Bear in mind the photos will usually be viewed on a 1080p phone screen which is ~2MP. Or a 4k display which is ~8MP. The sensor has been getting bigger since the 6s which means more light for each pixel.
Camera pixels are not like screen pixels, more like screen subpixels. Each one has a color filter in front in a Bayer pattern, meaning a 2MP screen more closely corresponds to a 6MP camera sensor than a 2MP sensor. Respectively a 4K display already goes to 24MP camera sensor equivalency, which is quite a lot - many of the modern full-frame cameras have 24MP and more than that is considered high-resolution.
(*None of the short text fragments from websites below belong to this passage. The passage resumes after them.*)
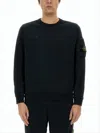Stone Island 6100008 Brushed Organic Cotton Fleece Sweatshirt In Black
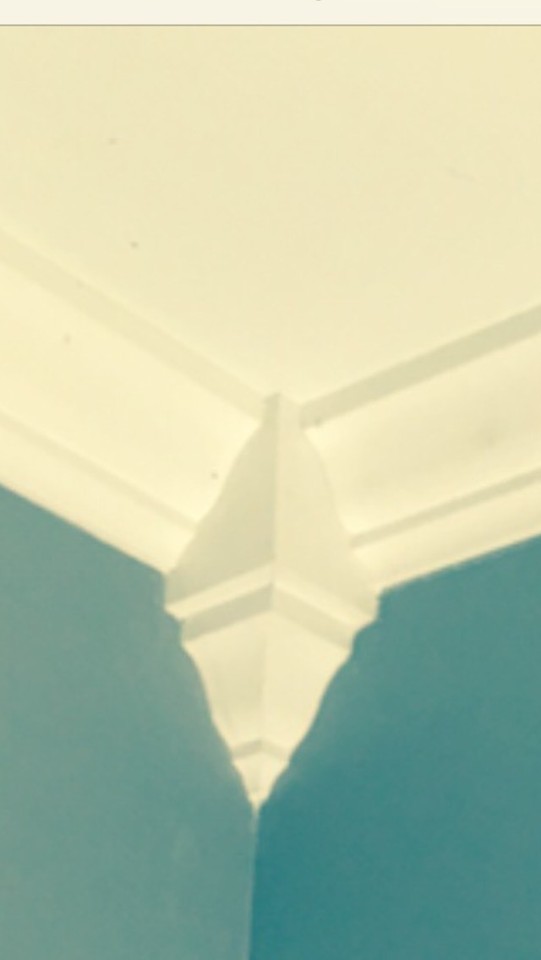 Crown Molding Corners 8 Insides + 1 Free Outside Corner For 3 5/8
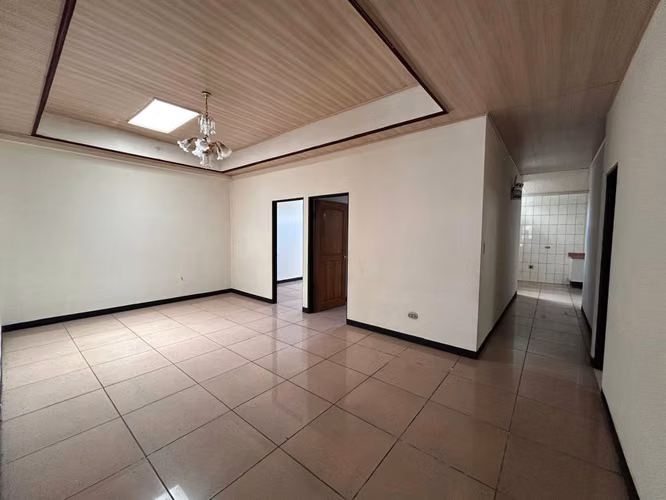 Alquiler de Bodega Con Uso Comercial e Industrial en Belén - Imagen 12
He does have a point in that a 12 MP CMOS sensor will have 12 million sensor elements, not 36 million. Colour filters are placed in front of each pixel, so RGB data can be extracted. Usually, 1/4 of the pixels are R, 1/4 are B and 1/2 are G. The raw sensor data for each pixel thus contains either R, G, or B, of varying intensities, depending on the passbands of each filter. The data is combined using a demosaicing/debayering filter/algorithm to extract subpixel data. That is, surrounding colour information is combined so that each pixel has R, G, and B elements.
Sorry if the writeup isn't that specific, I mostly work with monochrome CMOS cameras.
edit: I should also state that I don't know anything about iPhone cameras. It's quite possible, but not typical that they have a 36 MP sensor producing 12 MP images.
edit 2: I read that the iphone 12 has 1.7 um pixels. A 36 MP 4:3 sensor with 1.7 um pixels would be 8.3 mm. A 12 MP 4:3 sensor would be just 6.8 mm wide.
no the sensor has rows of 4000 grayscale pixels with different color filters on them. the actual rgb resolution is actually a quarter but the debayering algorithm upscales the data by 2x in each direction. So yes the RGB resultion is the same as the subpixel resultion, but at the same time it isn't.
You're correct. The numbers that are promoted for just about any camera out there refer to the actual size of the output, not the number of elements in the sensor. I'm not sure where the parent comment was getting his info from.
The actual size of the output is not the actual size of the sensor. The color data is interpolated. The promoted size is the output size, but that's not really full subpixel resolution in the monitor sense.
The promoted size is the number of photosites on the sensor, but each photosite is grayscale. Look at any RAW camera format or the datasheet of a sensor (e.g. one of popular Sony sensors). All of that applies to Bayer sensor and not Foveon, but Foveon is not particularly popular by any measure.
I've played with a friends Samsung S21 Ultra 108 MP and it blows out of the water my iPhone 12 Pro Max, provided you can keep it stable - portraits were insanely realistic, yet I was unable to capture a single photo of my toddler!